**INSTRUCTIONS TO FOLLOW**
In the listing below, find every line with the string "Women" and pull it out.

**GIVEN RECORDS**
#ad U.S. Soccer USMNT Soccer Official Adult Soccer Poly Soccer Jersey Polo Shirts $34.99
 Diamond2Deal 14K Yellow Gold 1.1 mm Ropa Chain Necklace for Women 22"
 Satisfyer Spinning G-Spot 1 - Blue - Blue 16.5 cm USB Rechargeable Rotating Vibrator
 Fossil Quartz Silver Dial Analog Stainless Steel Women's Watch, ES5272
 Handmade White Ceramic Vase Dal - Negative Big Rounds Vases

---

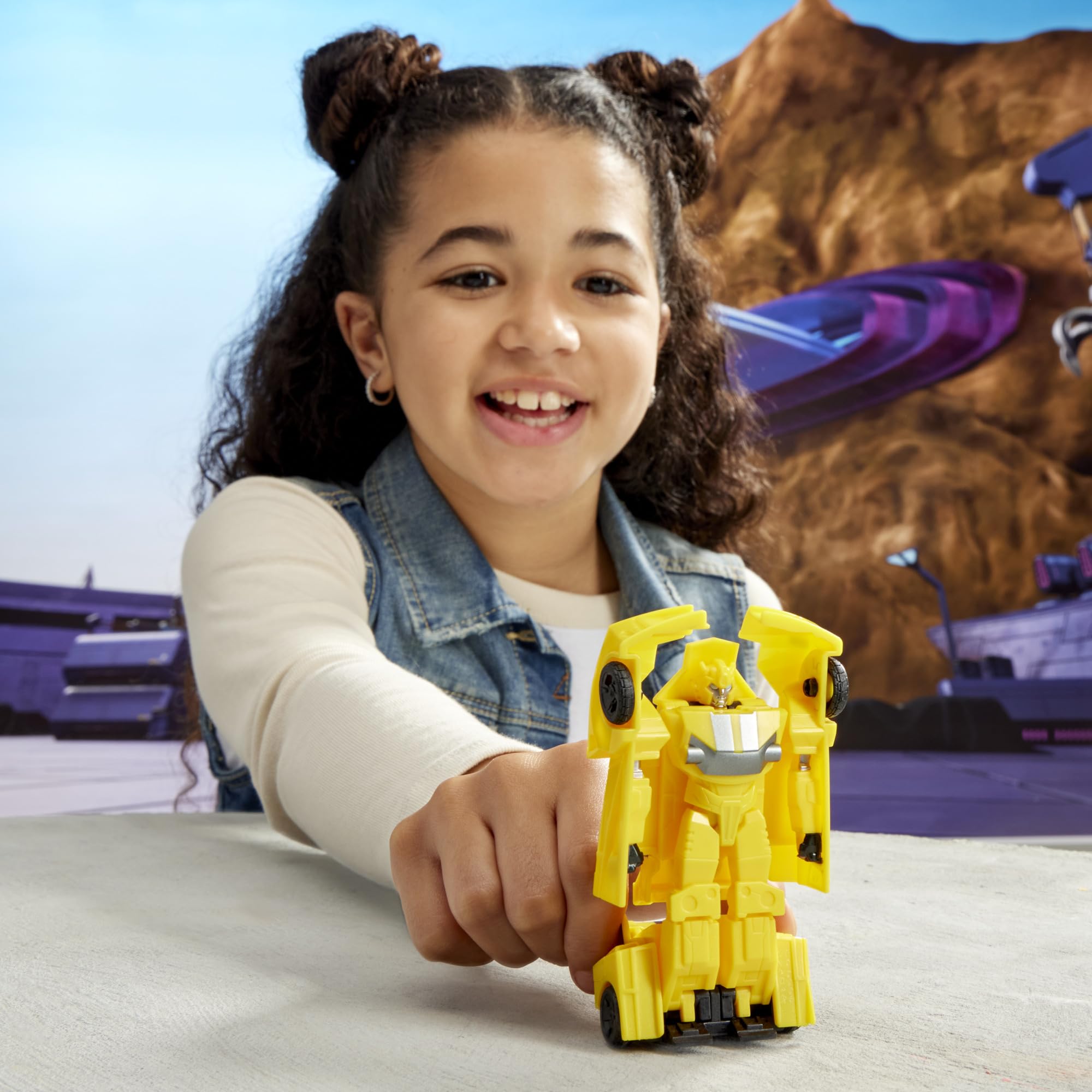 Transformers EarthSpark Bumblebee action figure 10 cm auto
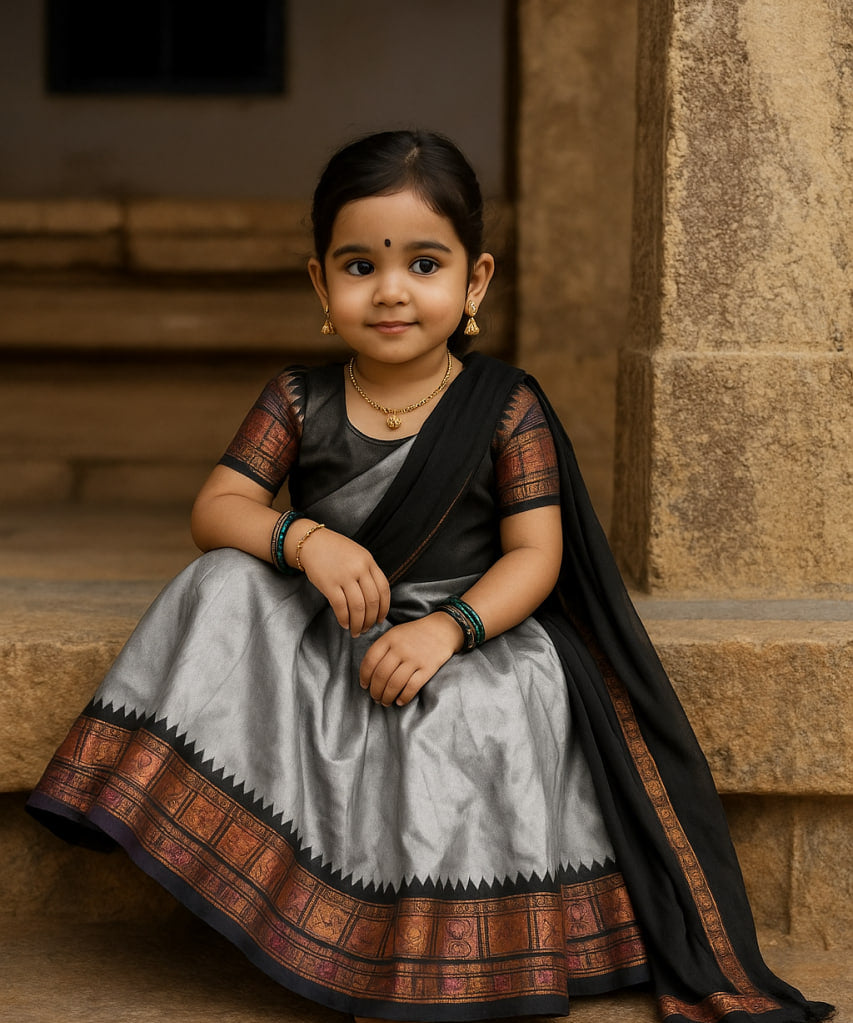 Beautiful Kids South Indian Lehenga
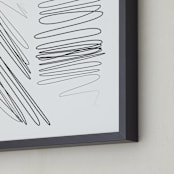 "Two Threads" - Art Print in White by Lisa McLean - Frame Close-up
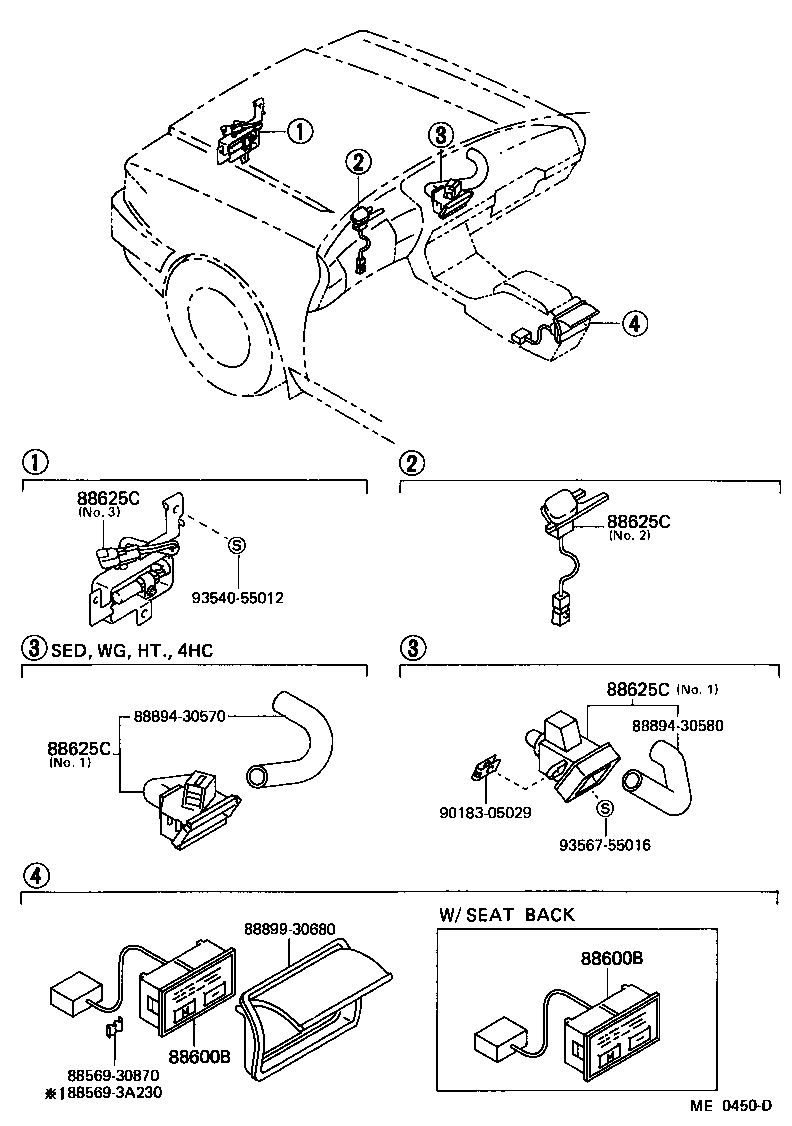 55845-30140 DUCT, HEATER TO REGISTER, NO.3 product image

**EXERCISE ANSWER**
 Diamond2Deal 14K Yellow Gold 1.1 mm Ropa Chain Necklace for Women 22"
 Fossil Quartz Silver Dial Analog Stainless Steel Women's Watch, ES5272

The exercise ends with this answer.